- **Task brief**
Copy, word for word, the lines below from the one containing "Phiên Bản Chính" up to and including the one containing "详细阅读:16画五行属土的字姓名学释义 五行16画属土的字及寓意 16画五行属土的字姓名学释义", with pictures left out.

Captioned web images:
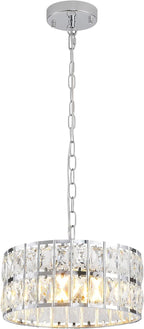 Modern Crystal Ceiling Light Semi Flush Mount Chandelier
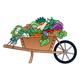 Wheelbarrow of Vegetables full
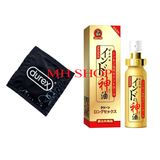 Phiên Bản Chính Hãng - Combo kéo dài cao cấp 1 cái Bao Su durex tặng 1 chai xịt nhật naskic ổn định hiệu quả NASKG 10ml 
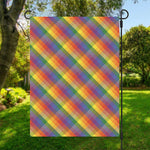 Rainbow LGBT Plaid Pattern Print Garden Flag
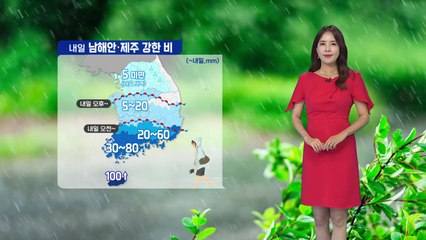 [날씨] 밤사이 내륙 장마 소강...남해안·제주 강한 비 / YTN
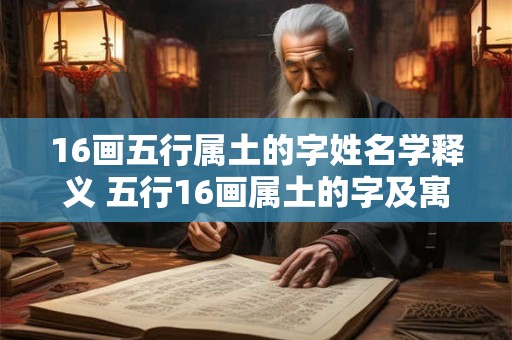 详细阅读:16画五行属土的字姓名学释义 五行16画属土的字及寓意 16画五行属土的字姓名学释义 五行16画属土的字及寓意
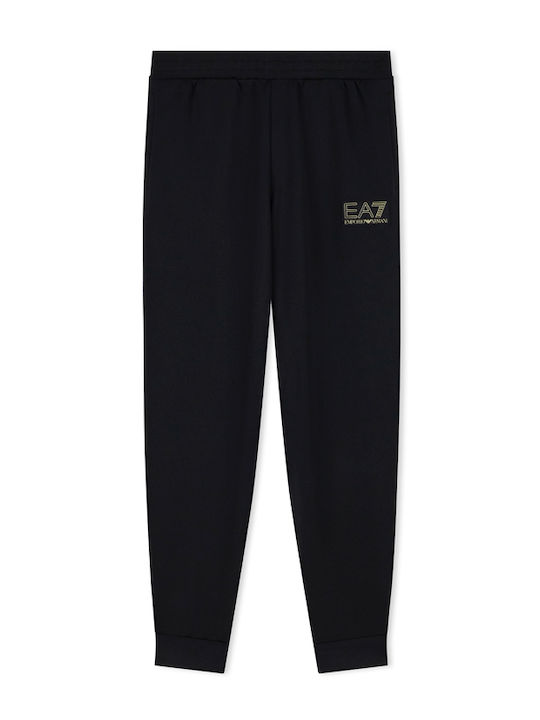 Herren-Sweatpants mit Gummizug Schwarz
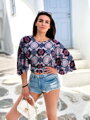 Elegantes Damen Top VSB LESIA zum Binden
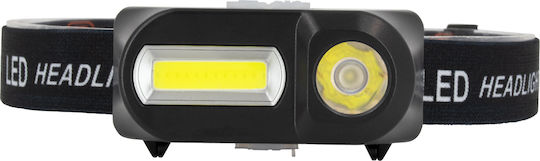 GloboStar Rechargeable Headlamp LED Dual Function with Maximum Brightness 2500lm XML2 Black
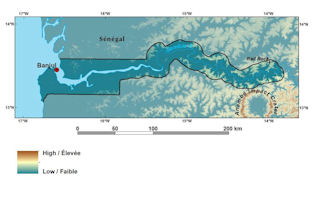The Gambia Map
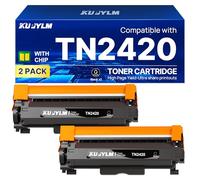 KUPYLM TN2420 TN 2420 Tóner Compatible para Brother TN2420 Compatible para MFC L2710DW MFC L2710DN HL-L2310D HL-L2350DW MFC L2750DW DCP-L2510D HL-L2375DW MFC L2730DW DCP-L2530DW DCP-L2550DN (2 Negro)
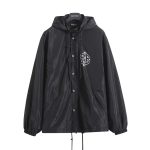 Balenciaga Jacket Red Nylon Zippered Pocket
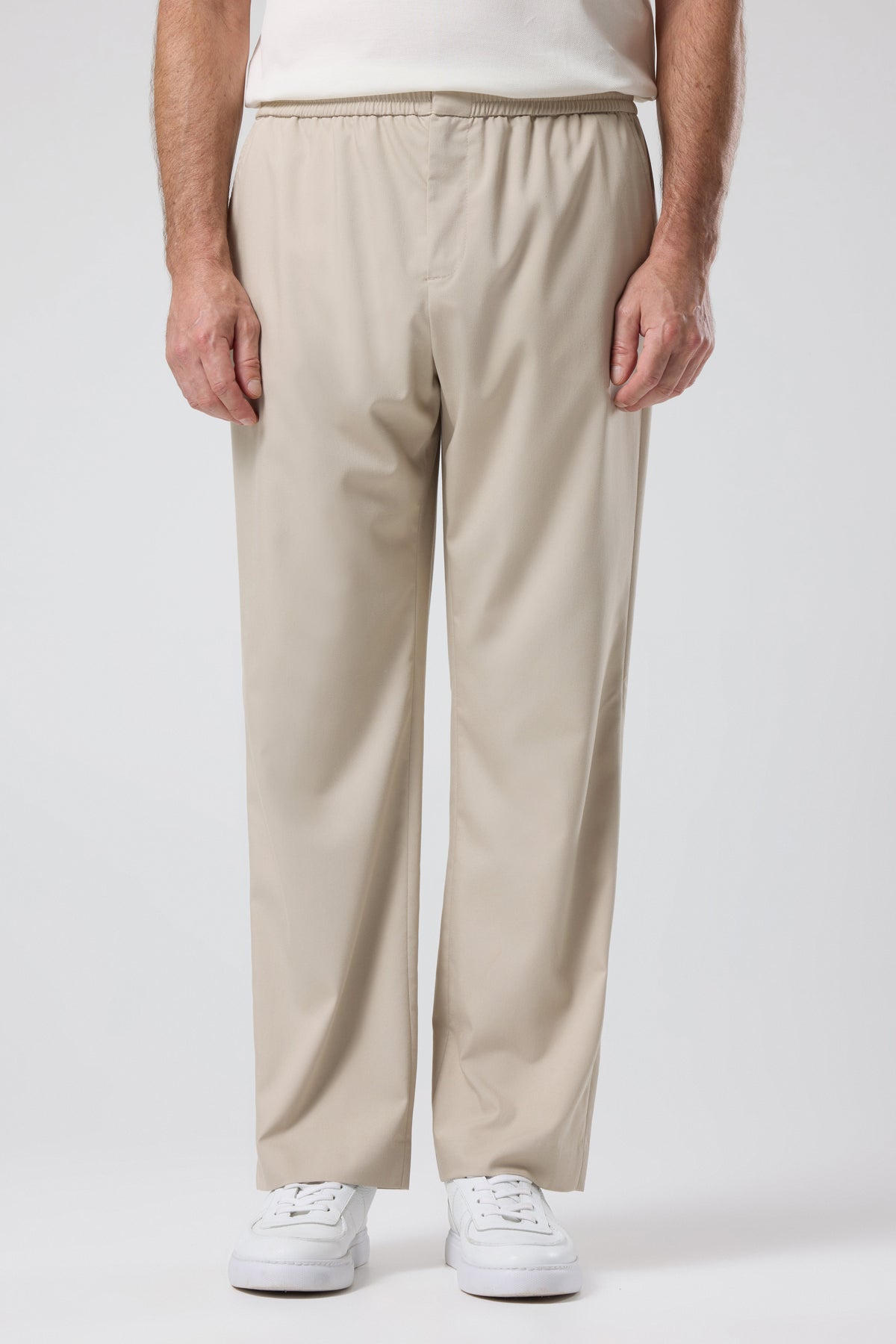 ELASTICATED WAIST TROUSERS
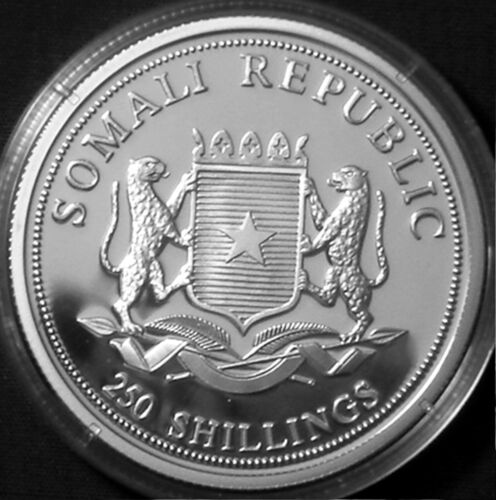 Somalia 250 shillings Silver Proof 2000 Sydney Olympics - Athlete & Boomerang - Picture 2 of 2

- **Output for this exercise**
 Phiên Bản Chính Hãng - Combo kéo dài cao cấp 1 cái Bao Su durex tặng 1 chai xịt nhật naskic ổn định hiệu quả NASKG 10ml 
 Rainbow LGBT Plaid Pattern Print Garden Flag
 [날씨] 밤사이 내륙 장마 소강...남해안·제주 강한 비 / YTN
 详细阅读:16画五行属土的字姓名学释义 五行16画属土的字及寓意 16画五行属土的字姓名学释义 五行16画属土的字及寓意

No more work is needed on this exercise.